When you tell a story crafted with a dash of suspense and tension – the ending uncertain, the clock about to strike midnight – you hold your audience’s attention.
That’s true when you’re writing a novel. Or telling a bedtime story.
Your business, too, can benefit from storytelling’s magnetic power – through customer case studies or success stories and other content that recounts how your products or services solve customers’ most vexing problems.
Why use storytelling in your business marketing?
- Stories help you connect with potential customers. Like well-crafted fiction, a well-written customer case study draws your intended audience into the story emotionally. They identify with the subject of the story and visualize themselves in a similar spot.
- Stories demonstrate your credibility. They prove that you understand your customers’ world, that you know their challenges.
- Stories further prove that you deliver effective solutions. Here’s your chance to show how you come through for your customers.
- Stories highlight the benefits of your products or services over the features. After all, it’s the benefits that customers care about – what you can do to make their life and business better. Only the most gadget obsessed among us care more about the features. And nothing illustrates benefits better than a story told by a satisfied customer.
- Stories help you clarify your brand message. Good marketing stories help your prospective customers gain a better grasp of the character of your brand and what to expect when they work with you. Stories help you better define your business’s values and the unique experience you provide customers. For instance, if safety and a drive to dig deep for solutions tailored to each customer are what your business is about – as in this example from one of my clients – share that in a story.
- Stories are memorable. As Chip and Dan Heath write in Made to Stick: Why Some Ideas Survive and Others Die, stories stick with us. Bare facts, not so much.

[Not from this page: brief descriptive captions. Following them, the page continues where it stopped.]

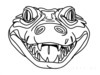 Minimalist Line Art of Raccoon's Masked Eye Area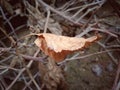 Planted and folded Dry leaf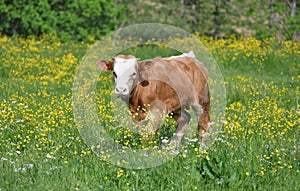 A brown bull calf in a flowery meadow near the tatra mountains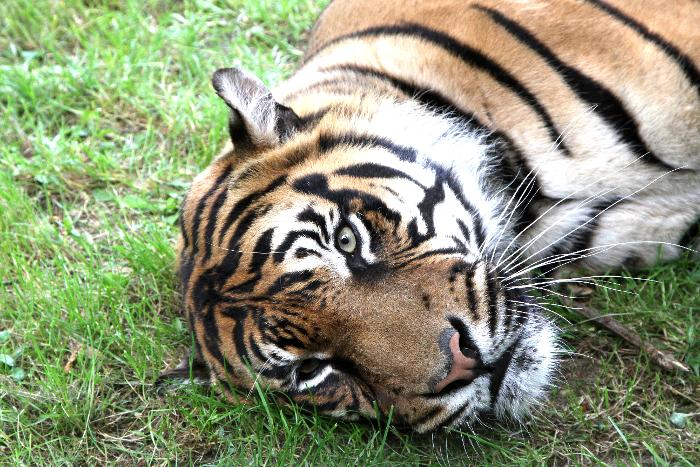 Indonésie : quatre braconniers arrêtés pour avoir tué et dépecé un tigre de Sumatra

- Stories provide a strong lead-in to your call to action. That is, stories inspire and help prepare potential customers to give you a call.
Well-told marketing stories use a structure similar to that commonly used in fiction.
The opening establishes the context and setting of your story. Next, you introduce the problem, then roll out the challenges that come along on the way to arriving at the resolution – your product or service answering the customer’s problem.
No matter what business you’re in, you have stories to tell. And you have potential customers who need to hear them — to really get to know you.